━━ Input records ━━

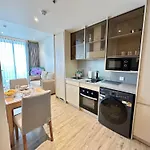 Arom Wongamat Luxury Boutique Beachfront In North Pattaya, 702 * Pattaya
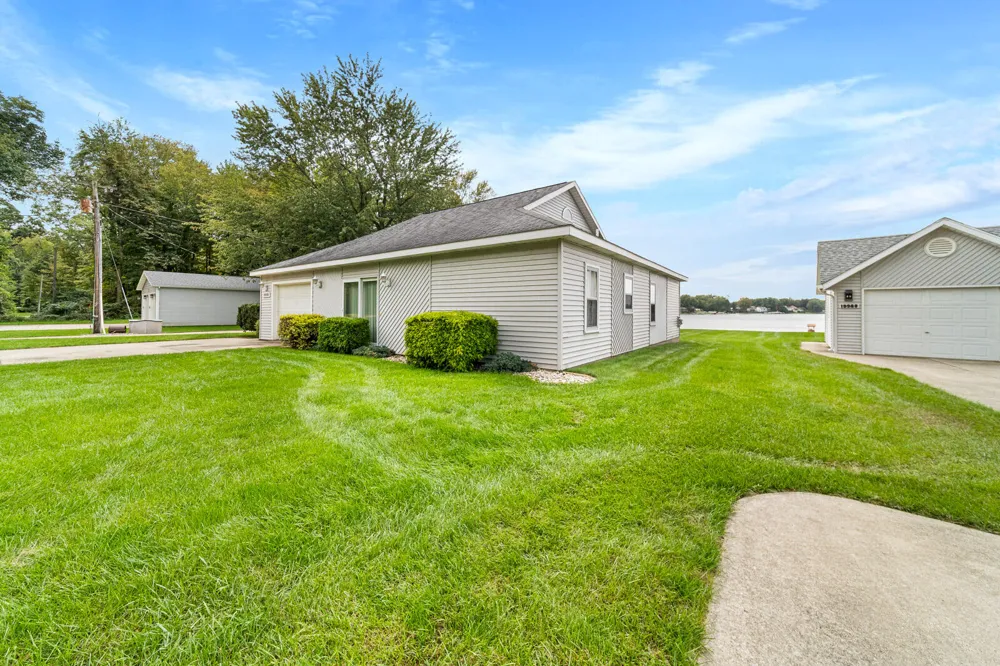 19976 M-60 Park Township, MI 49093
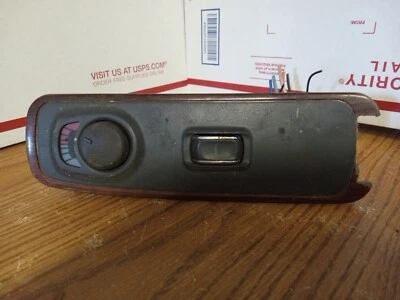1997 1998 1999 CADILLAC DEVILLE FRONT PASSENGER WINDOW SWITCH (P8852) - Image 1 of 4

━━━
━━ Input records ━━

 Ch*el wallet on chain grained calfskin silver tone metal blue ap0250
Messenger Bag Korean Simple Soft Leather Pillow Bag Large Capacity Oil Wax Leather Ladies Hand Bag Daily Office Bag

━━━
━━ Input records ━━

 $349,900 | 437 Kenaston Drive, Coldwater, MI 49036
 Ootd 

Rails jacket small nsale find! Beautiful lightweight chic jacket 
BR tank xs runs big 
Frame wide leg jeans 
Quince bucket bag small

━━━

In the listing above, locate the line containing "Coldwater, MI 49036" and the line containing "Quince bucket bag small". Transcribe those two lines and everything between them, exactly as written.

Solved exercise:
 $349,900 | 437 Kenaston Drive, Coldwater, MI 49036
 Ootd 

Rails jacket small nsale find! Beautiful lightweight chic jacket 
BR tank xs runs big 
Frame wide leg jeans 
Quince bucket bag small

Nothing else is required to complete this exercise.